Утром он свел нас в трактир, напоил чаем и посоветовал ехать домой.
-- Недели, через две получите письмо: приезжайте, дескать, лыки покупать. На вокзале вас встретит человек в поддевке, спросит: "Вы откуда?" Скажите: "Осташковские, знакомые Платона". Будьте с синими платками под шеей. Дальше все само собою оборудуется.
Достав кошелек, слесарь подал три рубля денег на дорогу.
-- Как же так? -- растерялся Илья Микитич.-- Небось последние?
-- Последние не отдал бы,-- сказал он.
Илья Микитич повертел в руках кредитку, поглядел на меня: как ты, дескать, Иван, думаешь? Сложив ее вчетверо, осторожно положил на стол.
-- Оторопь берет, Платонушка!
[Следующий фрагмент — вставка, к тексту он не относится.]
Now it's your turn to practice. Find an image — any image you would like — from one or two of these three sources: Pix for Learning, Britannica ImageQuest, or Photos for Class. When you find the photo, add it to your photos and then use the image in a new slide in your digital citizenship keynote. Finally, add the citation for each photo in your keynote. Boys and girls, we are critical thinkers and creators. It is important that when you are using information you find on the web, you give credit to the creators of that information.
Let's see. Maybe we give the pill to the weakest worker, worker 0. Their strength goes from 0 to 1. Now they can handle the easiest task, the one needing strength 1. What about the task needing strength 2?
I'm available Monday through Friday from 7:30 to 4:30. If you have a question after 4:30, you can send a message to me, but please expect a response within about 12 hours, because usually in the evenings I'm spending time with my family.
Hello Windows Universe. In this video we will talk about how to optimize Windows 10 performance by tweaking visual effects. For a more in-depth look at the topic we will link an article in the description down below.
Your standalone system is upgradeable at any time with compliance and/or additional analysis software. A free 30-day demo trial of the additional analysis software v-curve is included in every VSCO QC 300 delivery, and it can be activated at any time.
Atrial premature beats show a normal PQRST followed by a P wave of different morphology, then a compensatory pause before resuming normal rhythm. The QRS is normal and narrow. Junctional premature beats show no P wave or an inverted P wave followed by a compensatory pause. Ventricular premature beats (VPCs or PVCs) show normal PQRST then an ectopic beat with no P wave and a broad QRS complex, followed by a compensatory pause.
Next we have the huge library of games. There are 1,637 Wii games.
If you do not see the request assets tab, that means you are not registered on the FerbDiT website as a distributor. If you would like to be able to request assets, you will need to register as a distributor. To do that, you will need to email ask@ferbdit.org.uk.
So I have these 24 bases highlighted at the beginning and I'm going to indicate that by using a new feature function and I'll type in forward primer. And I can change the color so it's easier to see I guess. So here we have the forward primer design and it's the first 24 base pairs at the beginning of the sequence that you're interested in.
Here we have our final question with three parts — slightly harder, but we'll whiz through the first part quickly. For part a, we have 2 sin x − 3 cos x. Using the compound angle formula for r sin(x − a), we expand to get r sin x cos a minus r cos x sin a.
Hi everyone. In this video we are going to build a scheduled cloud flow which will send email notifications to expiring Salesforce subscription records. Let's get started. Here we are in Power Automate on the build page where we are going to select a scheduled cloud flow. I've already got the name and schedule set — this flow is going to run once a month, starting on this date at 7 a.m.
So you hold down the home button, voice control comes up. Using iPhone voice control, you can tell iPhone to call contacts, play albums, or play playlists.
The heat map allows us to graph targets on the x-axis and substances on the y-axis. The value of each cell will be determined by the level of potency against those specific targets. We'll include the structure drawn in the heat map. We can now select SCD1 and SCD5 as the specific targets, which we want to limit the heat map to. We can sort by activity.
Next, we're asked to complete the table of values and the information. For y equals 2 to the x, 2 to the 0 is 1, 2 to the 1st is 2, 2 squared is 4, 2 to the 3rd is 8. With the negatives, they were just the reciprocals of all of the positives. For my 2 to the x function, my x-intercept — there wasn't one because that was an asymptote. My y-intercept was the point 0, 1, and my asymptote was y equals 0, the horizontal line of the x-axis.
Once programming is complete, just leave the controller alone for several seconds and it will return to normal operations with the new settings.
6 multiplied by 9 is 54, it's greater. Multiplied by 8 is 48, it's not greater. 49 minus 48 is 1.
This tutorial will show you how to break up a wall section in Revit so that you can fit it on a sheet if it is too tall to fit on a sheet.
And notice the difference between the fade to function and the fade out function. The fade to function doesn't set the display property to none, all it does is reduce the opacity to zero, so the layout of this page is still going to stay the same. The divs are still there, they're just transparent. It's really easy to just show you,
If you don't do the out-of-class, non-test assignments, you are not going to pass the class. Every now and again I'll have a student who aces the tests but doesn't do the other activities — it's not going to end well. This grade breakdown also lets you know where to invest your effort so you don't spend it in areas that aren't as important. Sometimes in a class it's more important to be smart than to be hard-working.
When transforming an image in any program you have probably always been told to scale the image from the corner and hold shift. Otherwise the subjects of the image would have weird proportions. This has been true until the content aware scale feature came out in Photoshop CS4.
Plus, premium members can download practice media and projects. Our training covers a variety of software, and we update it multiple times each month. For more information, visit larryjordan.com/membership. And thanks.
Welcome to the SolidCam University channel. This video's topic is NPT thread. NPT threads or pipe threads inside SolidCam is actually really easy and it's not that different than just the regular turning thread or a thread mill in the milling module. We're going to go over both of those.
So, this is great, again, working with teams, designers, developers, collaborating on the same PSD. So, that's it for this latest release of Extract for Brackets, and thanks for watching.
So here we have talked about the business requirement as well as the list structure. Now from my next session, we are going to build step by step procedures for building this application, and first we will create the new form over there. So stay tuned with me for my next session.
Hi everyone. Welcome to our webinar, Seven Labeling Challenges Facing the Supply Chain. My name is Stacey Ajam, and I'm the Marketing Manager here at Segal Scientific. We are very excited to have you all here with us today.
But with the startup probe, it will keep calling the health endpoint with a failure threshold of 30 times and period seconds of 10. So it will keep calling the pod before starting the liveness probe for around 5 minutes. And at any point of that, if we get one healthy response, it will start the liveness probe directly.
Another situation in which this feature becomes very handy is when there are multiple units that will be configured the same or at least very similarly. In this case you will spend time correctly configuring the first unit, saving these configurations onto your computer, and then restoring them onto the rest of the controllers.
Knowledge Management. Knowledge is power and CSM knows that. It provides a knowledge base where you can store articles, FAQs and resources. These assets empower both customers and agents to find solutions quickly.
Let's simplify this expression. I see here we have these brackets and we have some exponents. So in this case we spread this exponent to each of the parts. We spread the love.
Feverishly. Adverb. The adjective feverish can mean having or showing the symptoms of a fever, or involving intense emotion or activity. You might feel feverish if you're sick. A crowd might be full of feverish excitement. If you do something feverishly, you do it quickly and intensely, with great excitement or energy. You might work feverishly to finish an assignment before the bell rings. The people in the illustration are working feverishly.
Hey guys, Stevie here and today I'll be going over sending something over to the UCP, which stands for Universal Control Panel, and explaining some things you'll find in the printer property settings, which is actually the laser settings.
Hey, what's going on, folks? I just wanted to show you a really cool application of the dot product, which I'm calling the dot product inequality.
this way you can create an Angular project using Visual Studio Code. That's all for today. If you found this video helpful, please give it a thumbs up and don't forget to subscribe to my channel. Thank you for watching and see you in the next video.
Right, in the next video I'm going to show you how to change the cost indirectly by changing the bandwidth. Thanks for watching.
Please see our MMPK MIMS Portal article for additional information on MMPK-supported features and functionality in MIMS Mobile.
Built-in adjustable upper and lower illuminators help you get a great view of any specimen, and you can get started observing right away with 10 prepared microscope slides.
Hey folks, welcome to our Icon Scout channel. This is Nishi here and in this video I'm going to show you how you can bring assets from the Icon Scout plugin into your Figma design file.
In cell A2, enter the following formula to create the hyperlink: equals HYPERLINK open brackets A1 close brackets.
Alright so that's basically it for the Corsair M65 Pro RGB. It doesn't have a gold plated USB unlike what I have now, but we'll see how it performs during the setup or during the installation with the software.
Может быть, ты жулик?
Рабочий нахмурился, искоса поглядел на Лопатина.
-- Не глупи,-- просто сказал он.-- Язык крепче держите за зубами, занимайтесь делом, деньги -- чепуха!
Шагая рядом с вагоном, Платон Матвеич уже ласково улыбался нам.
-- Счастливой дороги!
XI
Галкин встретил нас сурово.
-- Вы чего-то, робятушки, долго прохлаждались -- али неудача?
-- Не совсем,-- сказал Илья Никитич, подмаргивая мне.-- Собери товарищев: доклад скажем.
Когда мы сообщили о всех злоключениях и подошли к истории с Платоном Матвеичем, шахтер не вытерпел:
-- У нас тут без вас тоже случай вышел...
-- А ты слушай похождения! -- закричали на него.-- Об этом после!
-- Боюсь, кабы не забыть.
-- Да не тебе, что ли, говорят? Вот балда! Успеешь!
-- Колоухий, ты мне тогда напомни!
-- Петра-а...
Рассказ о петербургских январских событиях, переданный со слов рабочего, произвел на слушателей потрясающее впечатление. Галкин, мать и Настя плакали, а остальные сидели убитыми.
-- Бросьте, милые, булгатиться,-- запричитала старуха,-- кабы и вам эдак не всыпали...
-- Типун ти на язык! -- цыкнул Прохор. Возбужденный, с красными глазами, он крикнул нам: -- Надо сейчас же чего-нибудь с урядником сделать. Так нельзя оставить.
-- Делать с ним ничего не надо,-- сказал Колоухий,-- толку от урядниковой смерти, как от клопа смеху... Окромя всего прочего, он нам никакого зла не принес...
-- Понимаешь ты, чертово отродье! -- налетел на него Петя.
-- Да уймись же, Петра, что ты всем глаза царапаешь! -- схватил его за руку Богач.-- Остынь...
Дольше всех возились с маньчжурцем: он лотошил, горячился, сыпал, как горохом, бранными словами, но и его кое-как успокоили.
-- Душа у меня не терпит... в ее все равно отравы влили...
Неожиданно всех удивила Настя.
-- Храбрец,-- обратилась она к брату,-- вы теперь и так на примете: Ваня, ты и этот вот -- разновер-то.-- Она указала на Лопатина.